# Work request:
Return the lines of the material below exactly, beginning with the line that has "EZSilk Scarf & Neck Tie facility photograph" in it and finishing with the line that has "Golf Swing Trainer Aid - Image 5" in it. Leave all pictures aside.

# Dataset content:

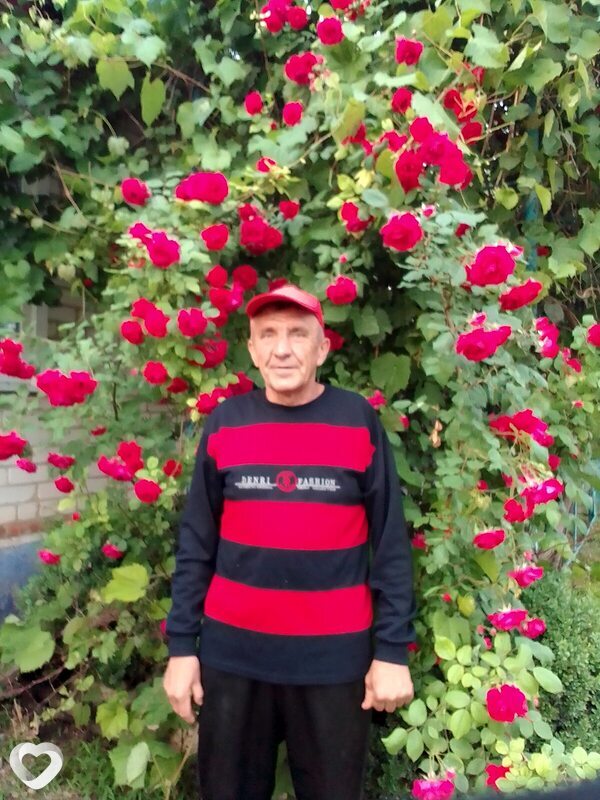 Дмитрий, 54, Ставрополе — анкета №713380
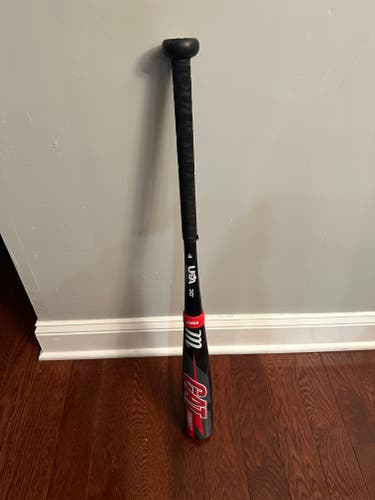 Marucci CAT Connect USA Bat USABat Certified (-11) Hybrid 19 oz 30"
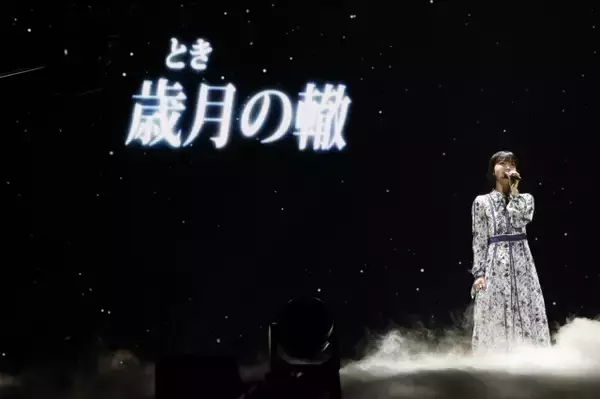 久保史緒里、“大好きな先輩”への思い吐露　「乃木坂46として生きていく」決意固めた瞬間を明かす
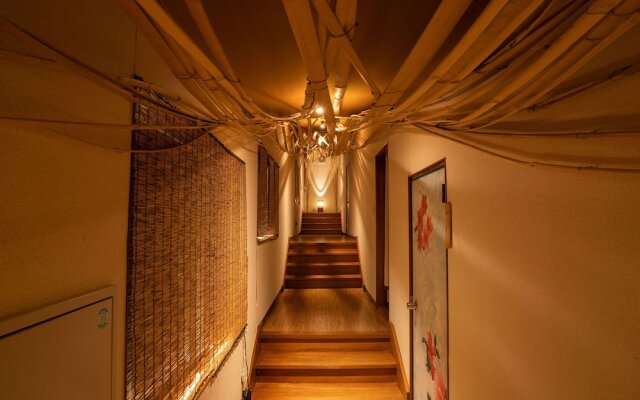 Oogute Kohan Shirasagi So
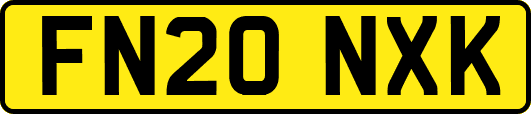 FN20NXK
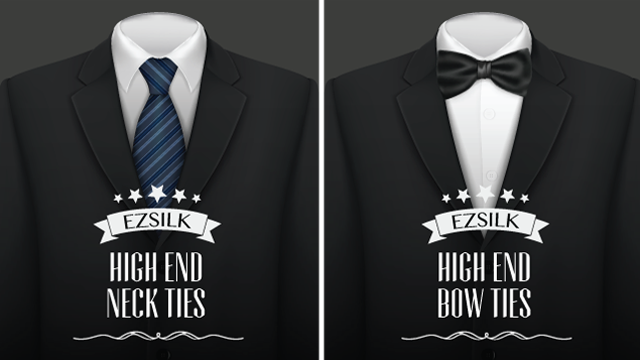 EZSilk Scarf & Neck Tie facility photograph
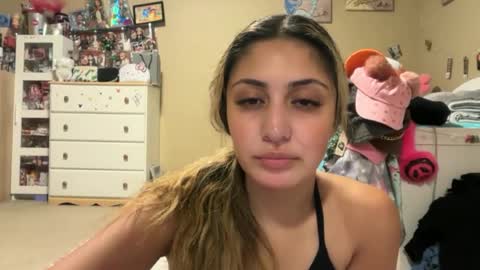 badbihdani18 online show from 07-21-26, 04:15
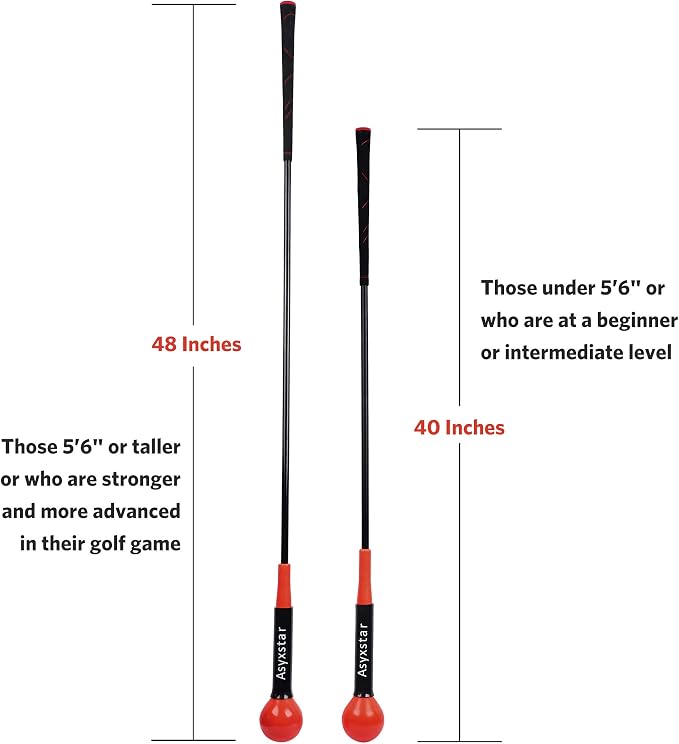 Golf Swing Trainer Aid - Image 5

...

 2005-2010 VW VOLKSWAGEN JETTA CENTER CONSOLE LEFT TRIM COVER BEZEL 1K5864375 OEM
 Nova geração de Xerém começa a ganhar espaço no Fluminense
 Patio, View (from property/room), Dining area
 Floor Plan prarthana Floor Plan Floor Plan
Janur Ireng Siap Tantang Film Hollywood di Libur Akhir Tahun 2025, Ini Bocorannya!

# Written reply:
 EZSilk Scarf & Neck Tie facility photograph
 badbihdani18 online show from 07-21-26, 04:15
 Golf Swing Trainer Aid - Image 5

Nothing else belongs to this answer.